• [EXERCISE DESCRIPTION]:
Would you copy, word for word, each line from the one with "A red 1000-piece" to the end of the listing below, skipping all pictures?

• [ENTRIES SUPPLIED]:
[Start of section]

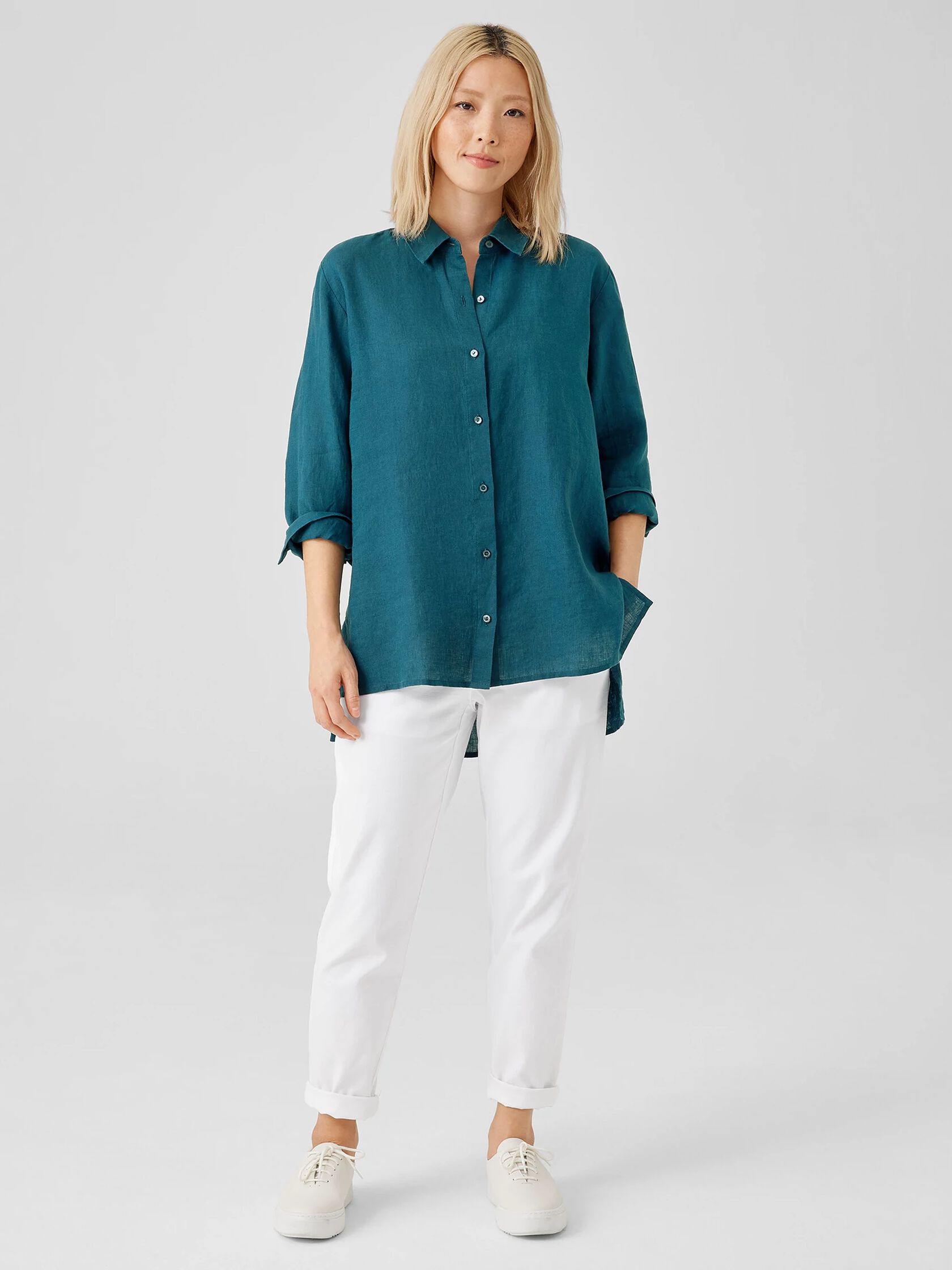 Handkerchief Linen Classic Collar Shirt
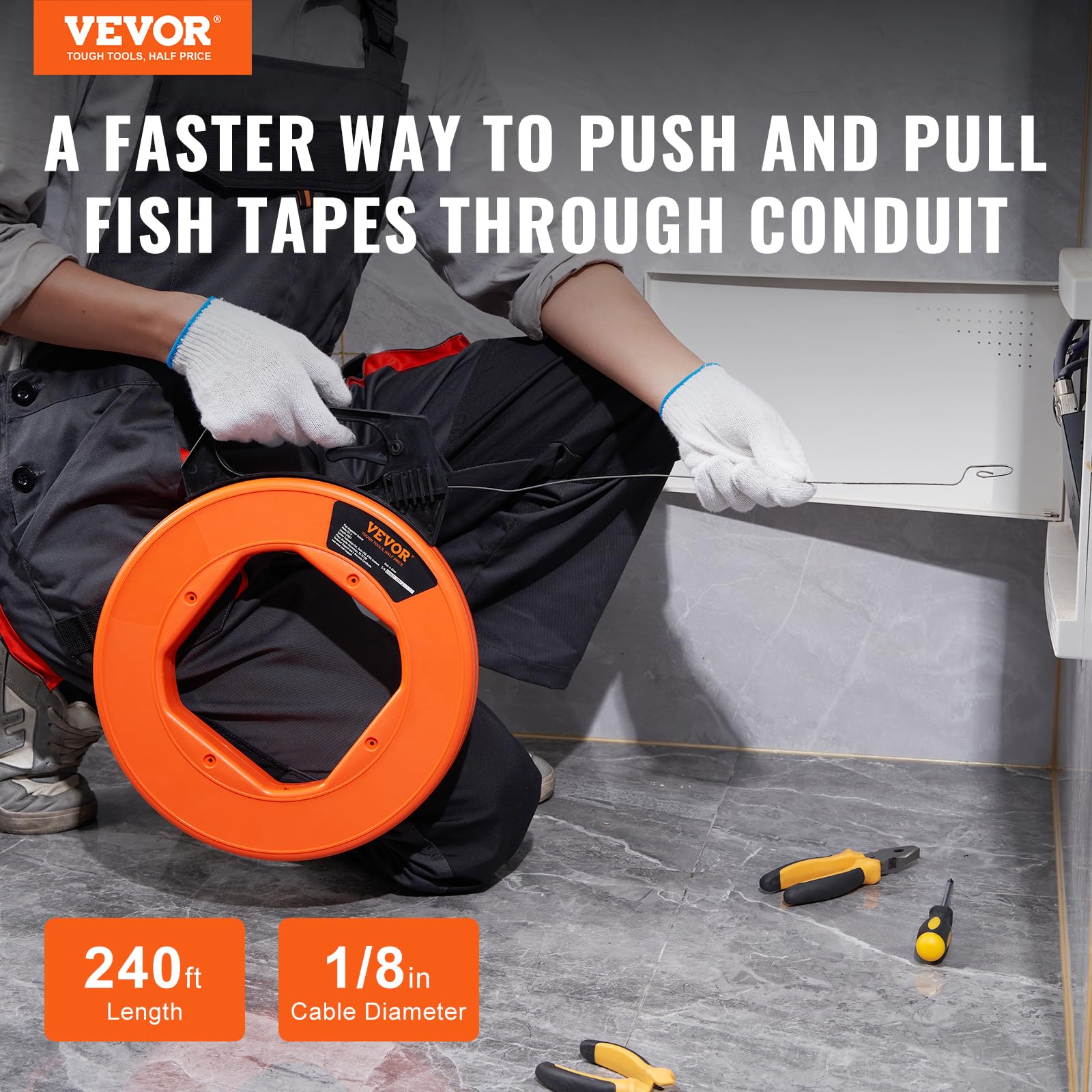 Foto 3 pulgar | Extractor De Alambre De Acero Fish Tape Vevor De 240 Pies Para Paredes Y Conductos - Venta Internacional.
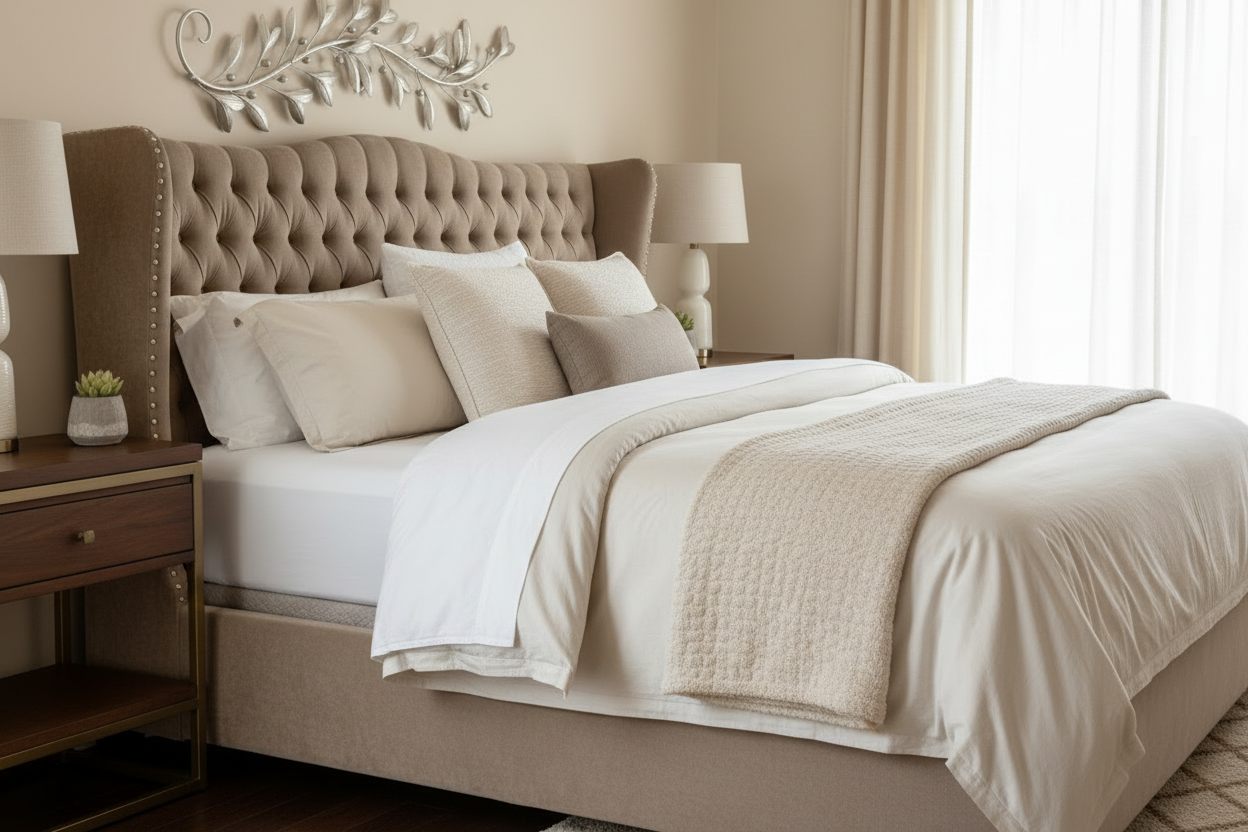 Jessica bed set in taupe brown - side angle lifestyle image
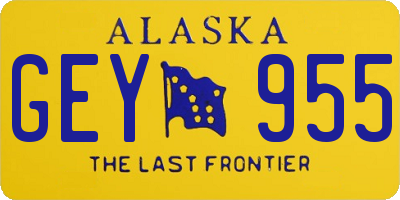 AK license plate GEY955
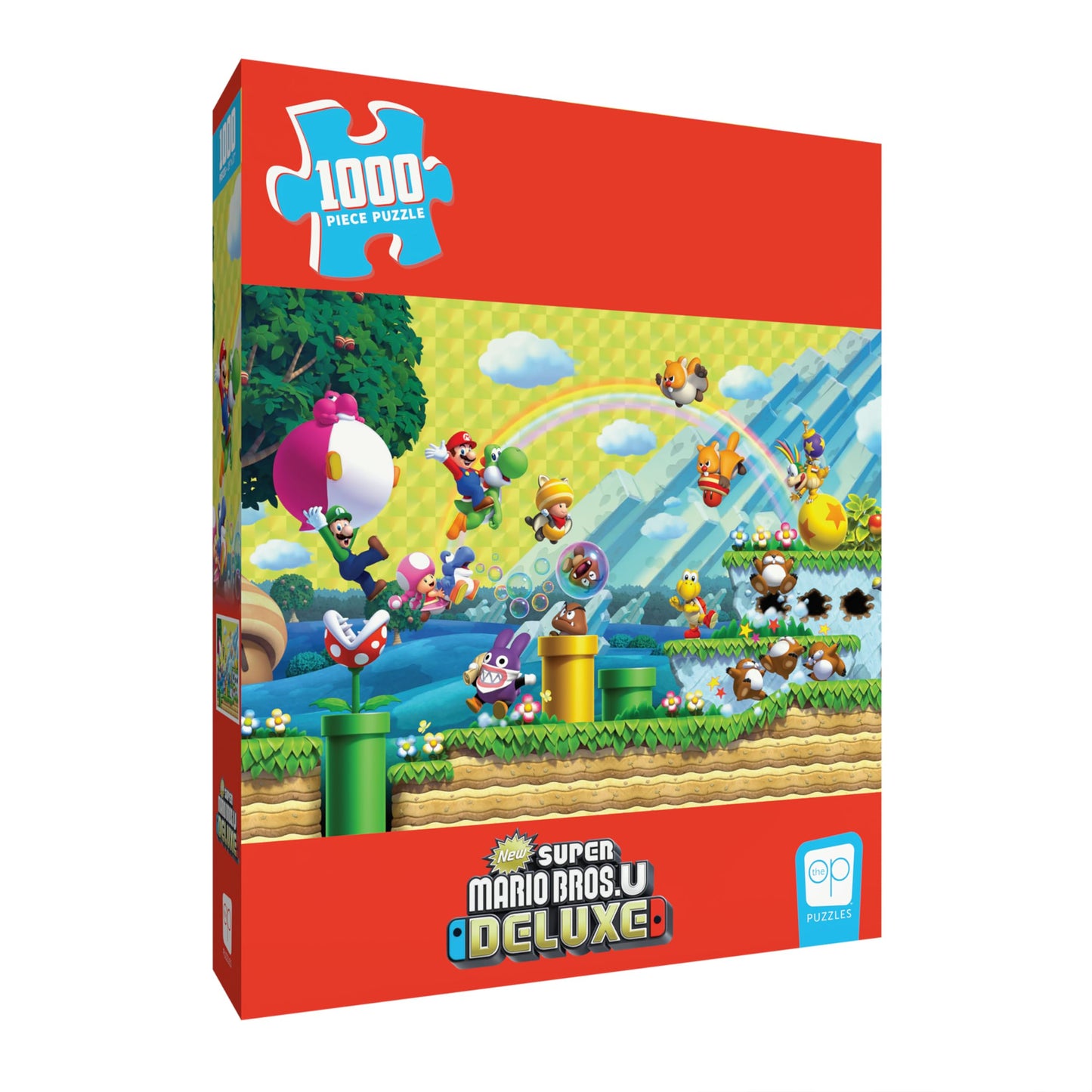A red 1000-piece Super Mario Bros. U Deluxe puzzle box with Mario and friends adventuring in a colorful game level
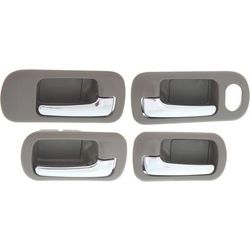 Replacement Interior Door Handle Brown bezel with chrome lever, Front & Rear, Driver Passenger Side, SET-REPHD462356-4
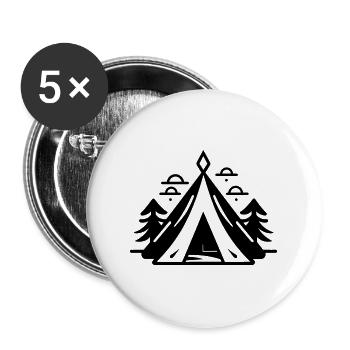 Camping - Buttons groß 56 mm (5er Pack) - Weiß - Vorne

[End of section]

• [RESPONSE BOX]:
A red 1000-piece Super Mario Bros. U Deluxe puzzle box with Mario and friends adventuring in a colorful game level
 Replacement Interior Door Handle Brown bezel with chrome lever, Front & Rear, Driver Passenger Side, SET-REPHD462356-4
 Camping - Buttons groß 56 mm (5er Pack) - Weiß - Vorne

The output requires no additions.